From 831986c3c45c1c2fb6d43035804694185bb3ed8a Mon Sep 17 00:00:00 2001
From: Alex Koshelev <koshelev@meta.com>
Date: Wed, 2 Oct 2024 16:28:08 -0700
Subject: [PATCH 04/11] Fix quicksort batch size and align it with a power of
 two

---
 ipa-core/src/protocol/ipa_prf/quicksort.rs | 2 +-
 1 file changed, 1 insertion(+), 1 deletion(-)

diff --git a/ipa-core/src/protocol/ipa_prf/quicksort.rs b/ipa-core/src/protocol/ipa_prf/quicksort.rs
index 16c3f1c8d..30218e5c2 100644
--- a/ipa-core/src/protocol/ipa_prf/quicksort.rs
+++ b/ipa-core/src/protocol/ipa_prf/quicksort.rs
@@ -176,7 +176,7 @@ where
             },
             // TODO: use something like this when validating in chunks
             // `TARGET_PROOF_SIZE / usize::try_from(K::BITS).unwrap() / SORT_CHUNK``
-            total_records_usize,
+            total_records_usize.next_power_of_two(),
         );
         let c = v.context();
         let cmp_ctx = c.narrow(&QuicksortPassStep::Compare);

From 27f65d01123503805484070c7432a977b2db77cc Mon Sep 17 00:00:00 2001
From: Alex Koshelev <koshelev@meta.com>
Date: Wed, 2 Oct 2024 16:46:00 -0700
Subject: [PATCH 05/11] Fix oneshot bench

---
 ipa-core/benches/oneshot/ipa.rs | 1 +
 1 file changed, 1 insertion(+)

diff --git a/ipa-core/benches/oneshot/ipa.rs b/ipa-core/benches/oneshot/ipa.rs
index 3d19836ee..b880c28d6 100644
--- a/ipa-core/benches/oneshot/ipa.rs
+++ b/ipa-core/benches/oneshot/ipa.rs
@@ -86,6 +86,7 @@ impl Args {
         self.active_work
             .map(NonZeroUsize::get)
             .unwrap_or_else(|| self.query_size.clamp(16, 1024))
+            .next_power_of_two()
     }
 
     fn attribution_window(&self) -> Option<NonZeroU32> {

From 52fd07704335fe6f3ca4eb01f5022df39b235024 Mon Sep 17 00:00:00 2001
From: Alex Koshelev <koshelev@meta.com>
Date: Fri, 4 Oct 2024 13:50:36 -0700
Subject: [PATCH 06/11] Fix shuttle tests

---
 ipa-core/src/helpers/mod.rs | 4 ++--
 1 file changed, 2 insertions(+), 2 deletions(-)

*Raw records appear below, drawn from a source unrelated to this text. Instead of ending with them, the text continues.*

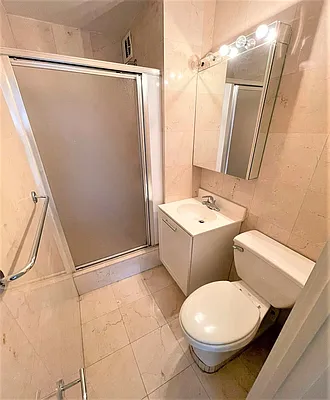 Rented by Manhattan Realty Group | media 21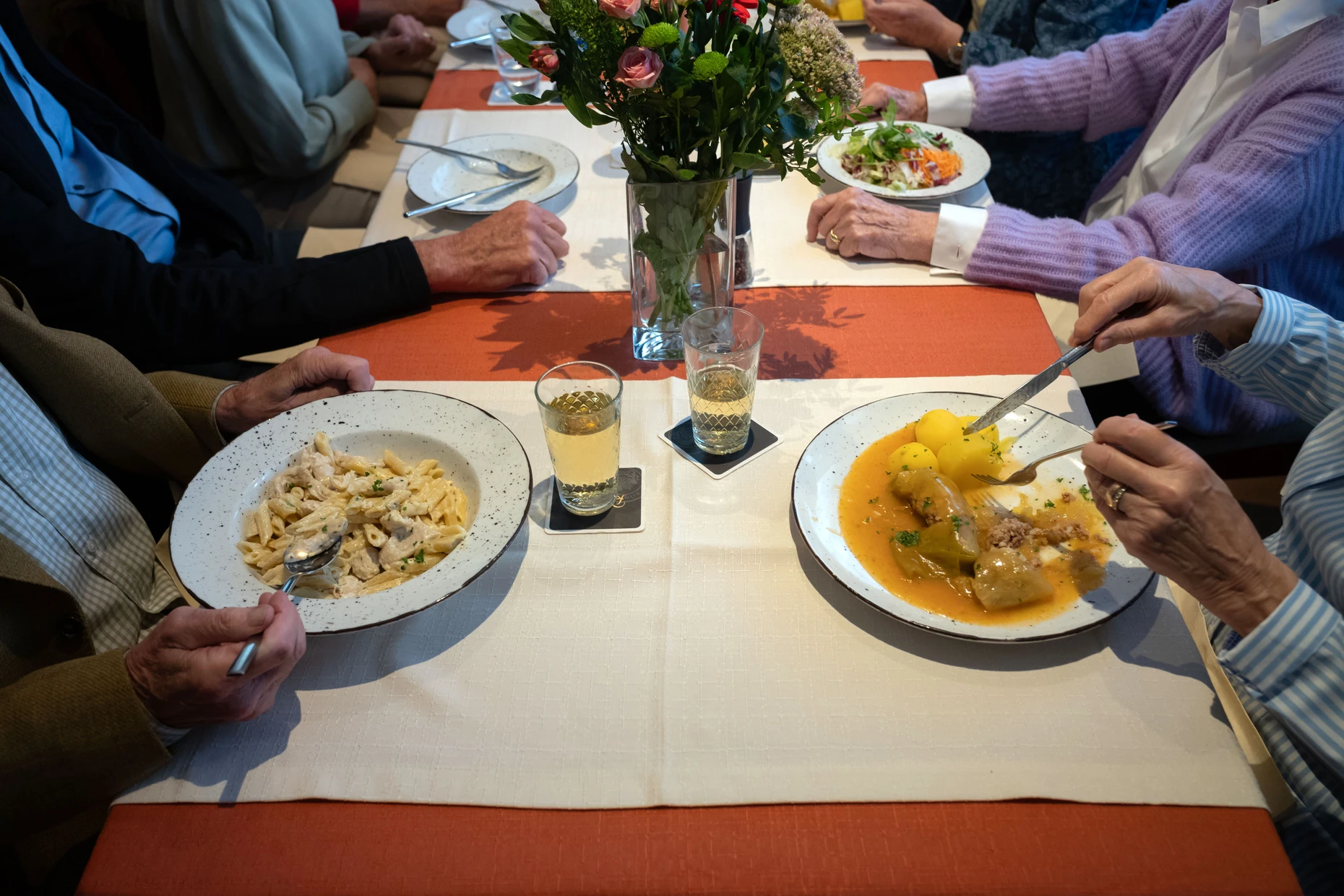 Krautwickel oder Penne: Beim Essen geht es um Krankheiten und Kindheitserinnerungen, Bücher und Politik, Enkel und Urenkel.
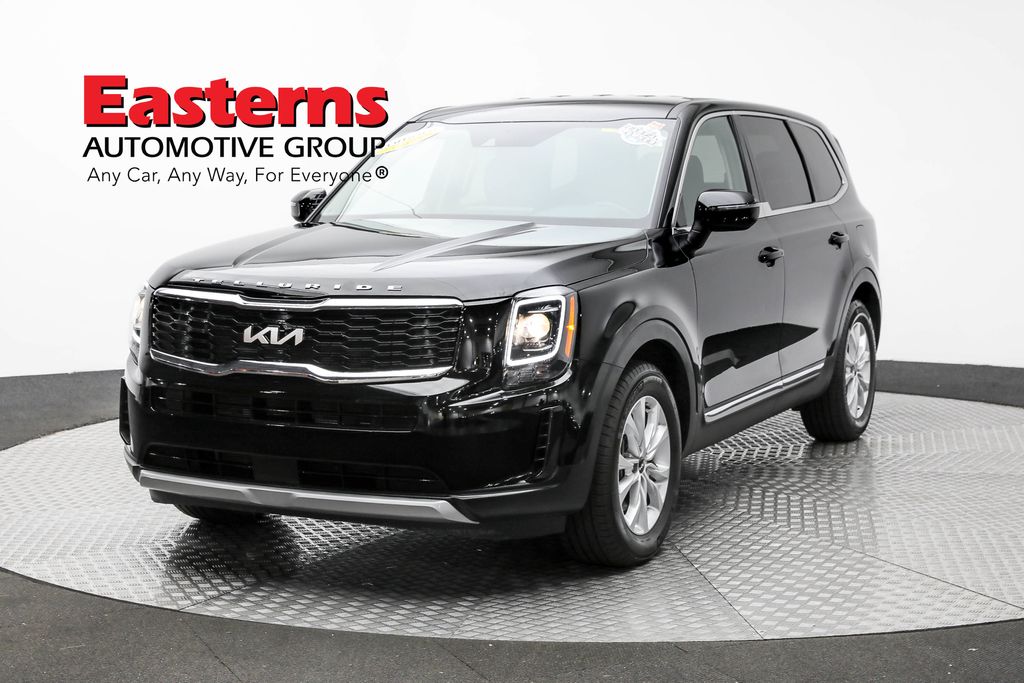 Vehicle image 5 of 64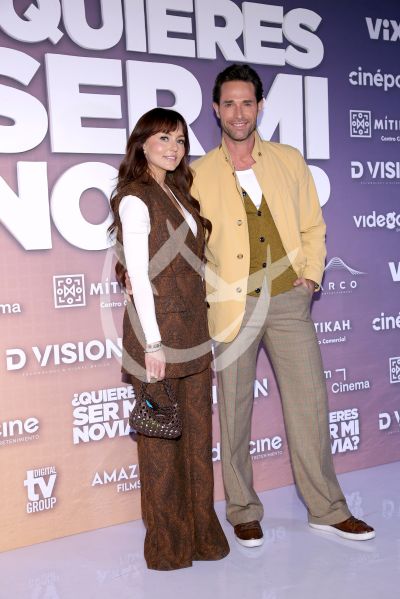 Angelique Boyer y Sebastián Rulli de premier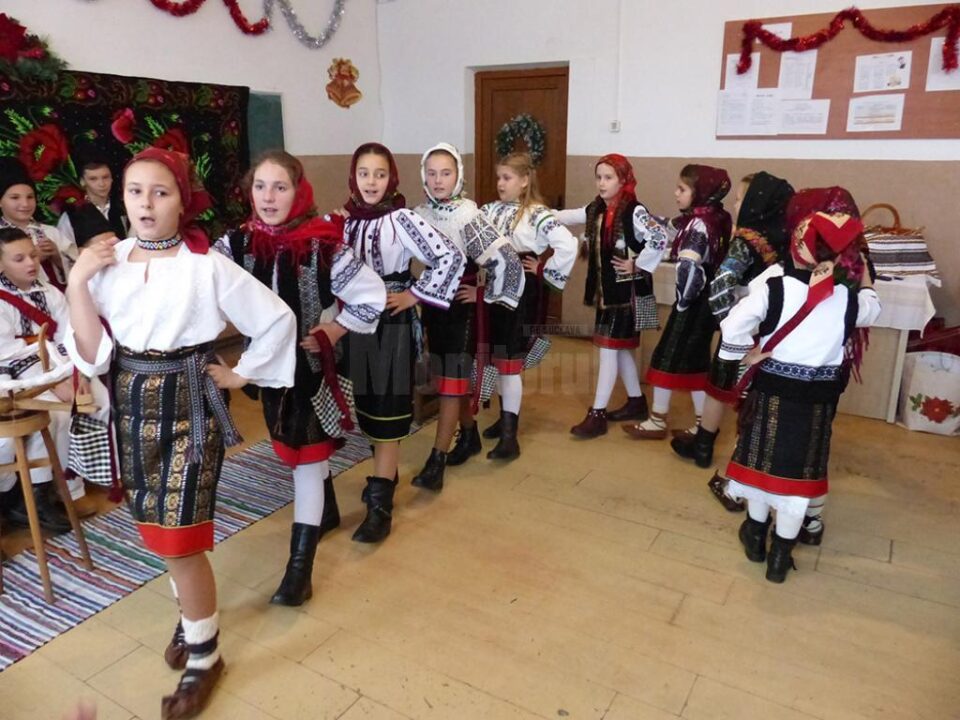 Șezătoare populară la serbarea de Crăciun a copiilor din Vicovu de Jos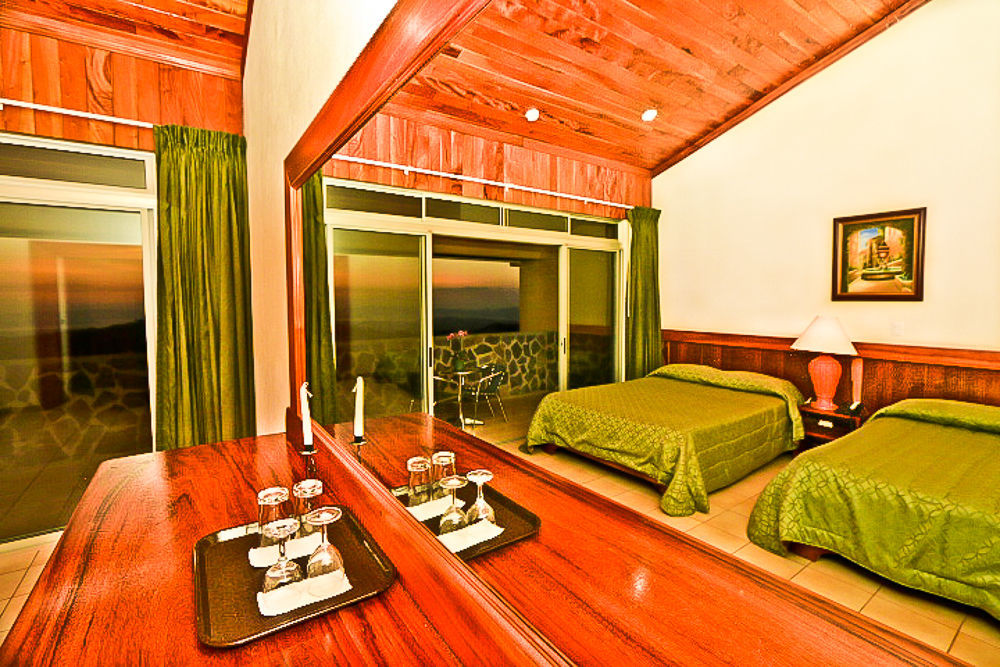 Hotel Montana Monteverde Exterior foto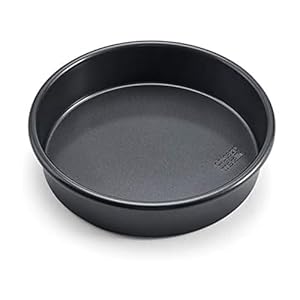 Chicago Metallic Professional Non-Stick Round Cake Pan, 9-Inch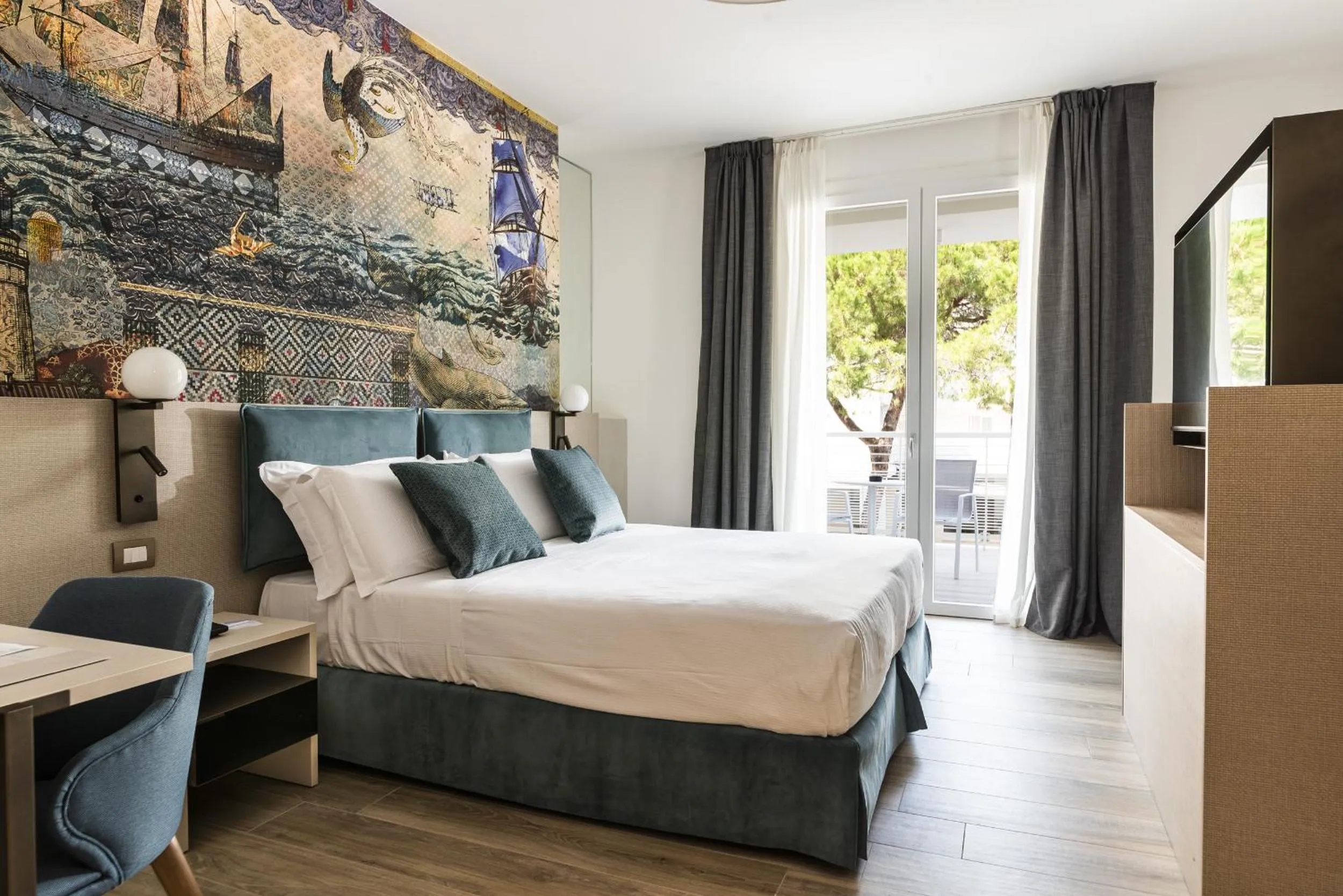 Property building, Bed in Life Hotel 4 Superior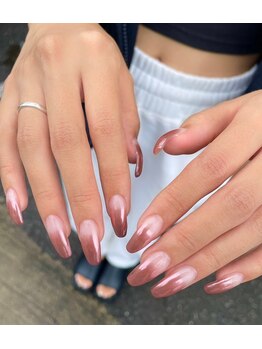 ヴィーナ リノ ネイル(Veena Lino nail)/ミラーネイル 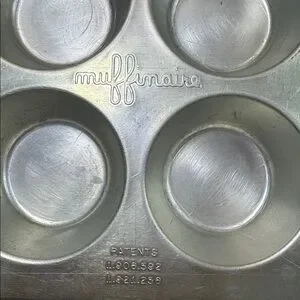 Muffinaire Aluminum 12 Muffin Pan United Aircraft Products USA Dayton OH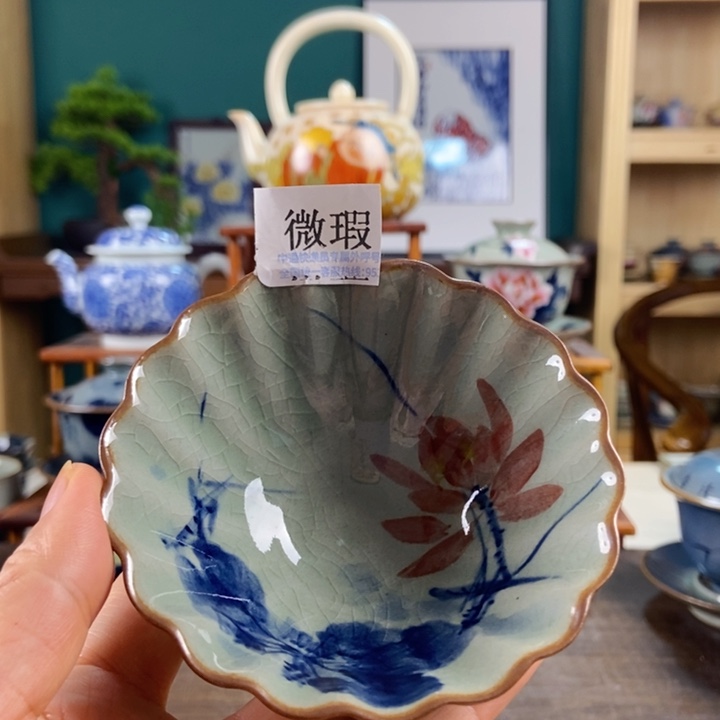 瓷片手工制作工艺精湛等特点为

diff --git a/ipa-core/src/helpers/mod.rs b/ipa-core/src/helpers/mod.rs
index e33a2ec99..2c43ccd53 100644
--- a/ipa-core/src/helpers/mod.rs
+++ b/ipa-core/src/helpers/mod.rs
@@ -817,7 +817,7 @@ mod concurrency_tests {
                     let input = (0u32..11).map(TestField::truncate_from).collect::<Vec<_>>();
                     let config = TestWorldConfig {
                         gateway_config: GatewayConfig {
-                            active: input.len().try_into().unwrap(),
+                            active: input.len().next_power_of_two().try_into().unwrap(),
                             ..Default::default()
                         },
                         ..Default::default()
@@ -875,7 +875,7 @@ mod concurrency_tests {
                     let input = (0u32..11).map(TestField::truncate_from).collect::<Vec<_>>();
                     let config = TestWorldConfig {
                         gateway_config: GatewayConfig {
-                            active: input.len().try_into().unwrap(),
+                            active: input.len().next_power_of_two().try_into().unwrap(),
                             ..Default::default()
                         },
                         ..Default::default()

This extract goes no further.